Em 21 de dezembro de 2016, foi transferido para a Unidade de Cuidados Especiais, em cuidados paliativos, em comum acordo com a família de não realizar medidas invasivas. Em meados de fevereiro, foi iniciada a tentativa de preparo para desospitalização. Em março, equipe e familiares optaram, também em  decisão conjunta, por não realizar  procedimentos invasivos. O parecer dado então foi por indicação exclusiva de cuidados paliativos.

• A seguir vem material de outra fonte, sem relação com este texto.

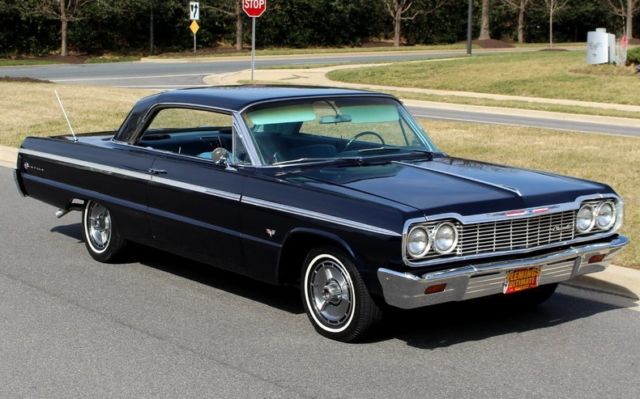 1964 Chevrolet Impala -- - photo 7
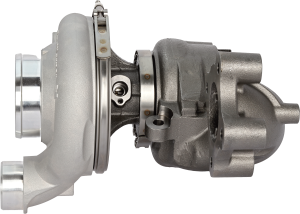 BorgWarner Turbo - 12749880076 | New BorgWarner Turbo LP Maxxforce DT466 - Image 2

Em 16 de março, Raimundo Nonato foi desospitalizado para programa de atenção domiciliar. O paciente retornou ao HGF em 18 de março às 09h21 e classificado com risco amarelo (médio risco) às 09h41. Atendido às 10h50, foram solicitados exames laboratoriais e o paciente passou a fazer uso de sonda. Raimundo Nonato teve medicação prescrita e foi admitido na emergência às 11h20. Às 13h12, entretanto, foi dada baixa no sistema após solicitação dos familiares de saída do paciente.

A Secretaria de Saúde esclarece, ainda, que pacientes podem receber alta e ser encaminhados para atendimento domiciliar, onde são acompanhados por meio de cuidados paliativos com apoio de equipe multidisciplinar. O serviço funciona de segunda a sexta-feira com visitas agendadas pela equipe. Nos cuidados paliativos, é necessário avaliar e controlar não somente a dor, mas todos os sintomas de natureza física, social, emocional e espiritual.